Beitrag von tutor! »

Das alte Lehrvideo ist suboptimal, die anderen deutlich besser.

Man muss immer genau schauen, was die Idee zur Erzeugung des Gleichgewichtsbruchs ist. Bei Sasae-tsurikomi-ashi in der Nage-no-kata sind es zwei Elemente:
1. Der Rhythmuswechsel von Toris Schritten
2. Die Verlängerung(!) der Bewegung des nachziehenden Fußes, nach dem zweiten Schritt.

Durch die Verlängerung des Schritts wird Uke weiter nach vorne gezogen, als er eigentlich möchte. Durch den Rhythmuswechsel kann Uke seine Bewegung nicht anpassen. Toris Standfuß beim Wurf muss also von Joseki aus gesehen (bei Rechtsausführung) etwas (!!!) hinter den linken Fuß gesetzt werden.
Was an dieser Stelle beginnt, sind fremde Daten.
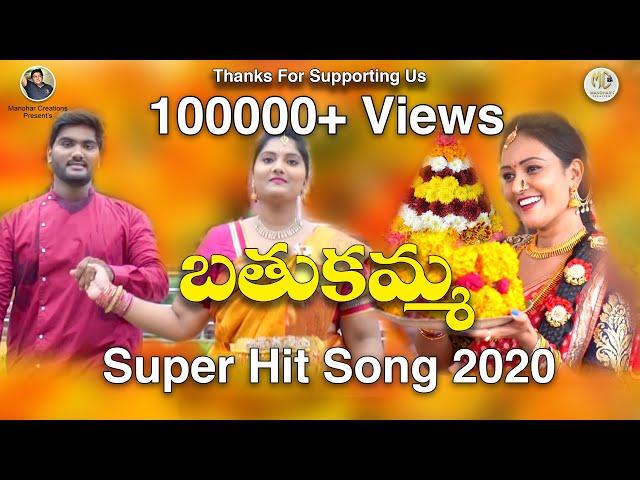 Bathukamma Song 2020 || Rahul Mirdatti || Shilpa Reddy || Manohar Mirdatti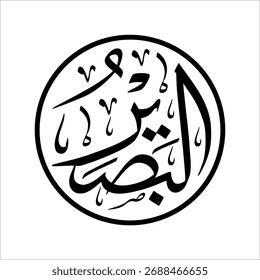 Arabic Calligraphy Asmaulhusna Al-Bashiru Style tsulus meaning is ninety-nineThe Name of Allah  The All-Seeing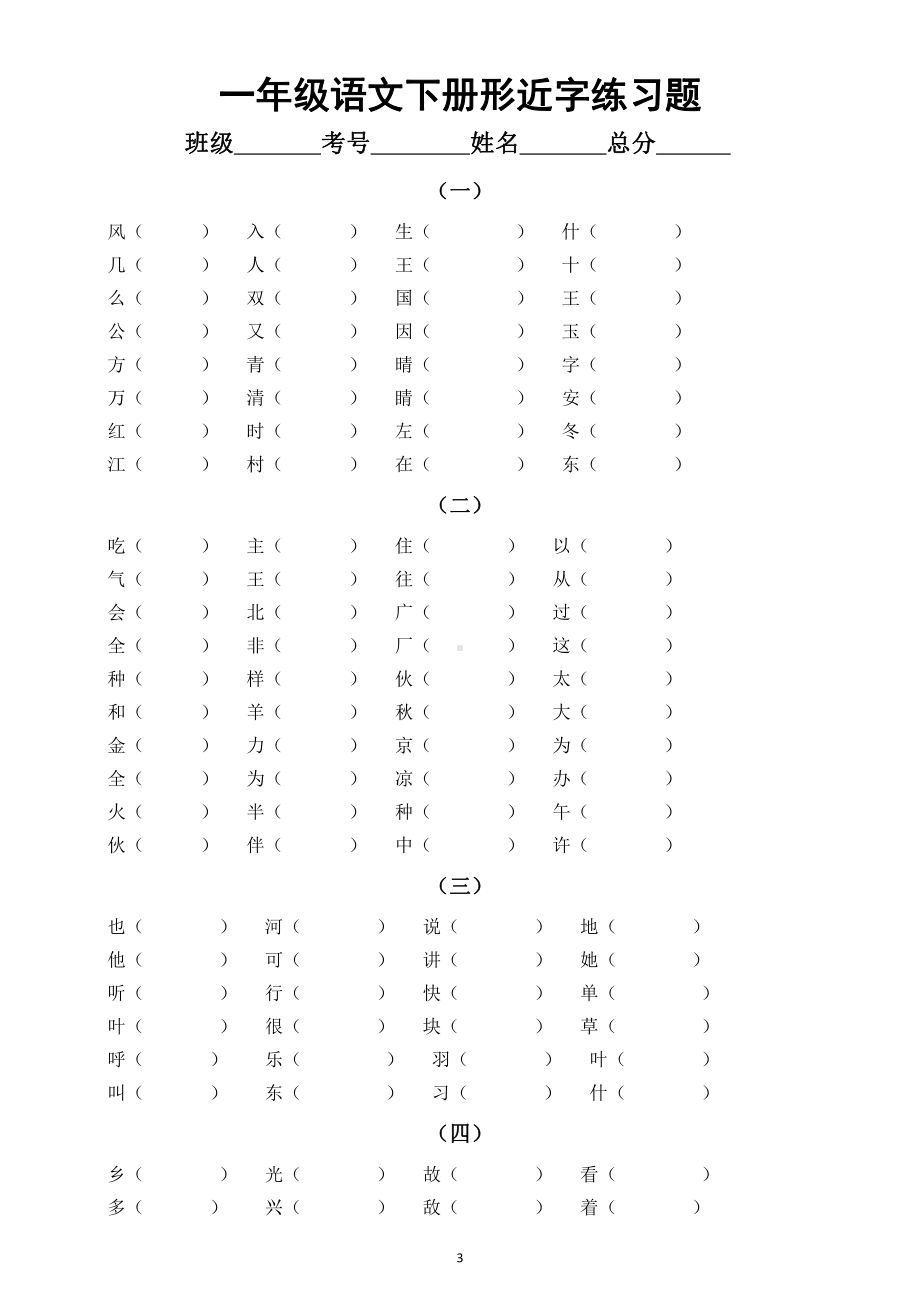 小学语文部编版一年级下册《同音字选词填空》全册《形近字》专项练习题.docx_第3页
Viele übertreiben dies und geraten dadurch in eine labile Position. Leider wird auch von Bewertenden oft ein übertriebenes nach schräg hinten gehen erwartet. Ich persönlich finde das neue Lehrvideo am gelungendsten. Es hängt aber sehr viel davon ab, Uke aktiv nach vorne kommt (was er nicht sollte) oder ob er Widerstand gegen Toris Zug entwickelt.